→ **SUPPLIED MATERIAL**:
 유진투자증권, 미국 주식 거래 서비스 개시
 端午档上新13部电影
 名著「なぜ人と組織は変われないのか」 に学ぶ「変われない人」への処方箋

→ **YOUR OBJECTIVE**:
Please copy out the preceding data in full, exactly as written.

→ **EXPECTED ANSWER**:
 유진투자증권, 미국 주식 거래 서비스 개시
 端午档上新13部电影
 名著「なぜ人と組織は変われないのか」 に学ぶ「変われない人」への処方箋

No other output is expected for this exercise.